--- START ---

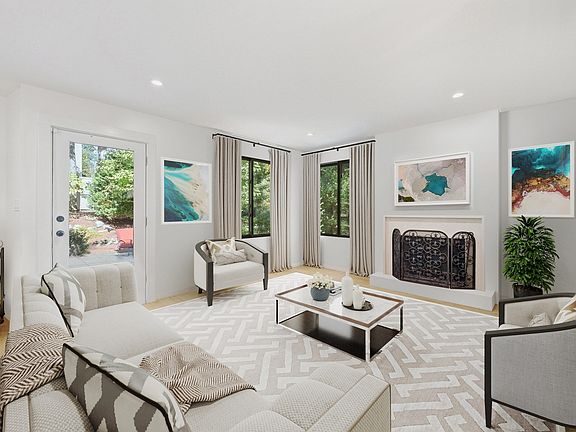 2nd image of 43 Prentiss Ln
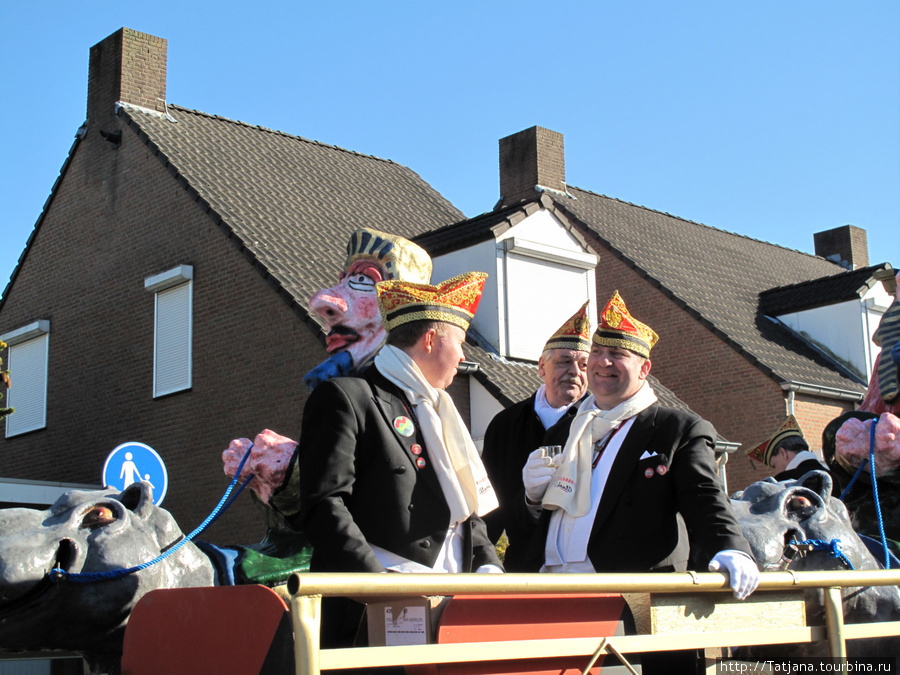Солнечный  карнавальный день в Херлене. Херлен, Нидерланды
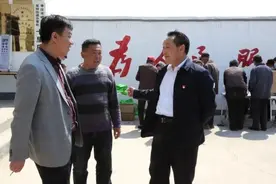 枣庄市峄城区委统战部到吴林街道开展双基双员调研并实地查看新媒体中心建设图片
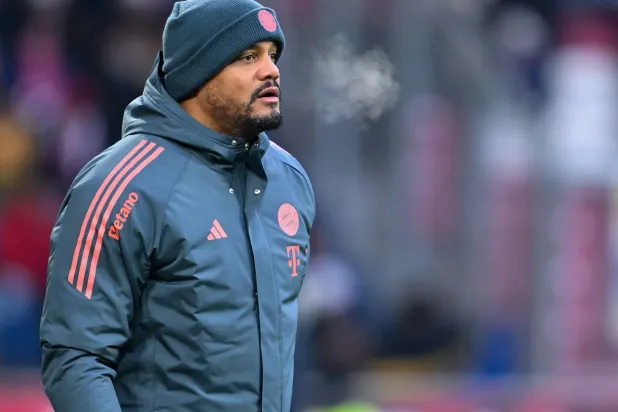 فينسنت كومباني المدير الفني لفريق بايرن ميونيخ الألماني (د.ب.أ)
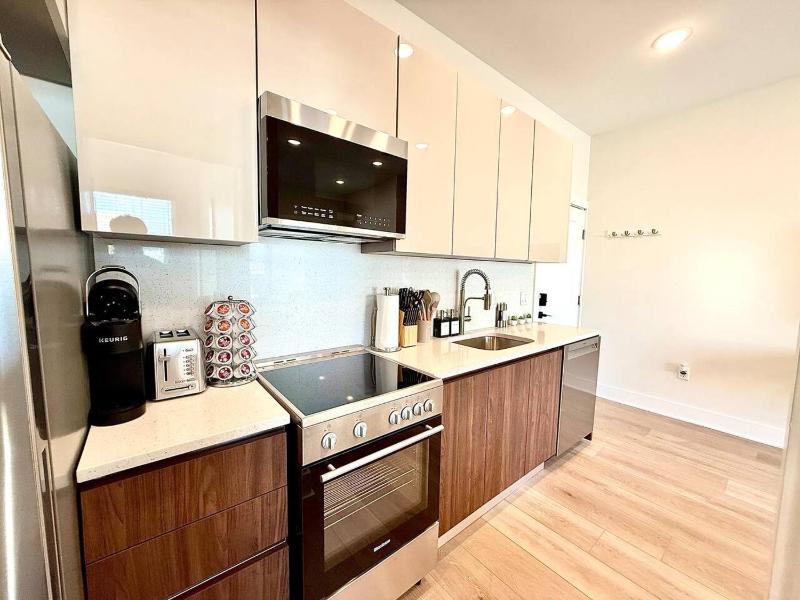 Skyline Balcony - Luxury and Cozy Center City 1BRApt - image 16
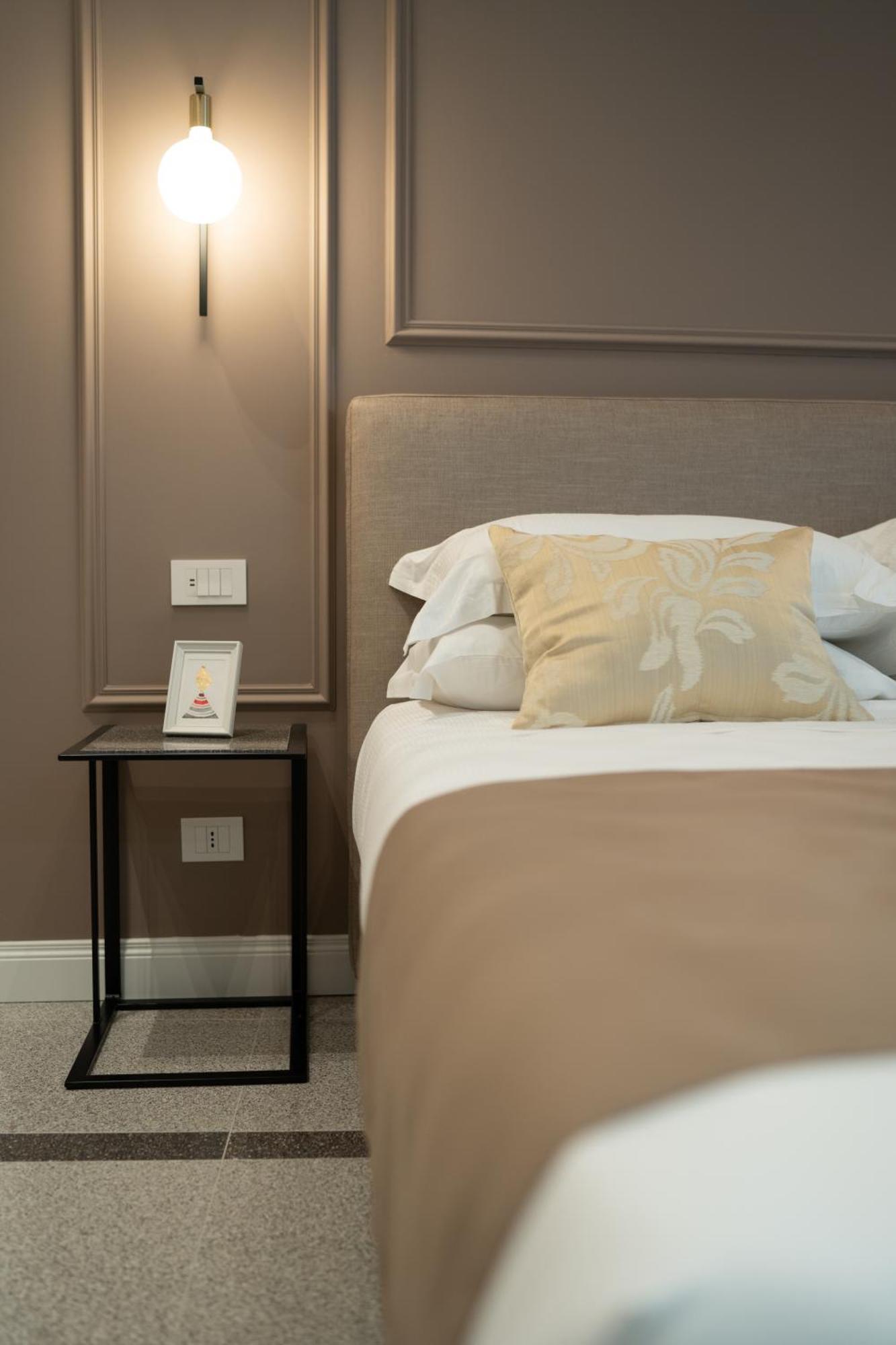 Bed & Breakfast Monteroduni 22 - Chiaia Design Naples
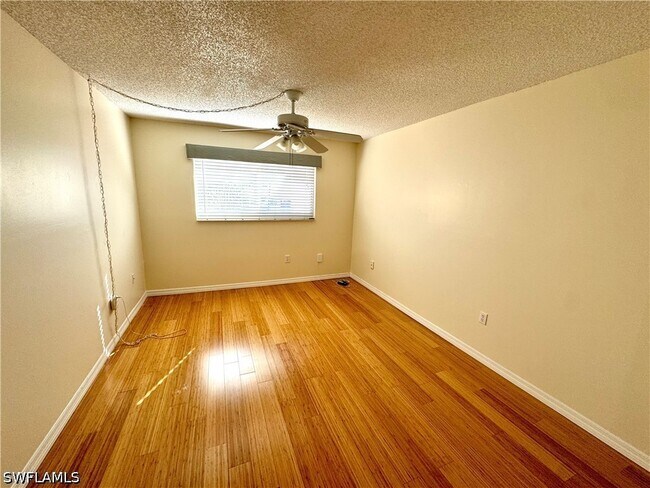 Foto del edificio - 225 Turtle Lake Ct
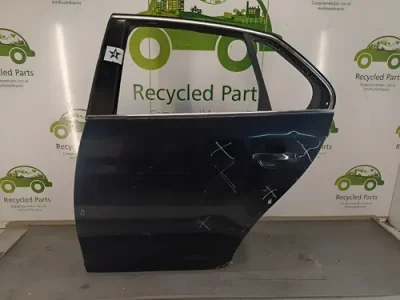 Puerta Trasera Izquierda Vw Vento Lv (04237788)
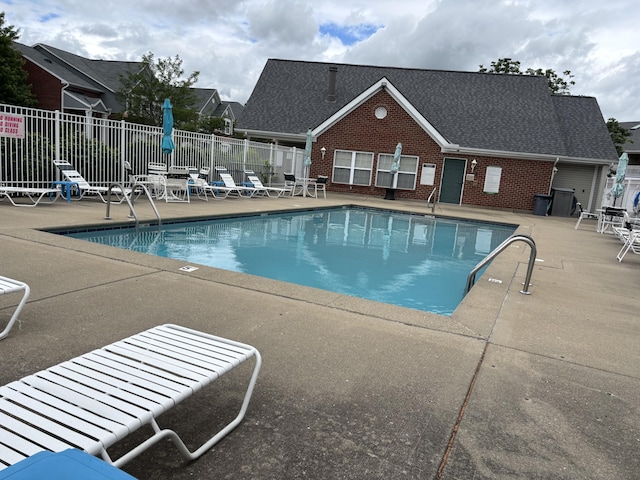 351 Deepwoods Dr, Newport, KY 41076 - community pool with a patio area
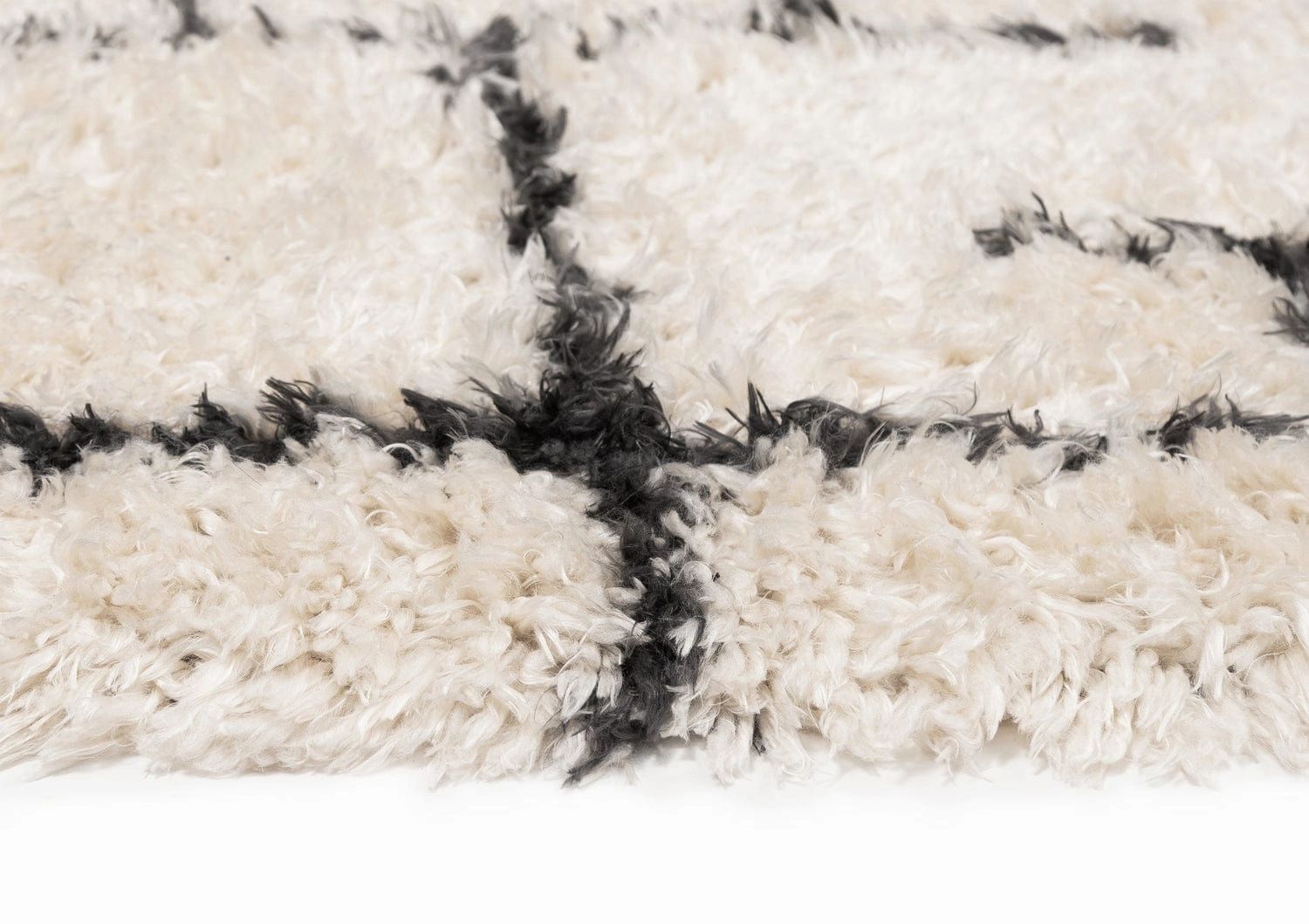 Binx Cream & Black Tribal Shag Rug *NO RETURNS UNLESS FAULTY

--- END ---

_What to do_: Reproduce exactly the lines that run from the line holding "351 Deepwoods Dr, Newport, KY" through the final line of the entries, and omit every picture.

_Task answer_:
 351 Deepwoods Dr, Newport, KY 41076 - community pool with a patio area
 Binx Cream & Black Tribal Shag Rug *NO RETURNS UNLESS FAULTY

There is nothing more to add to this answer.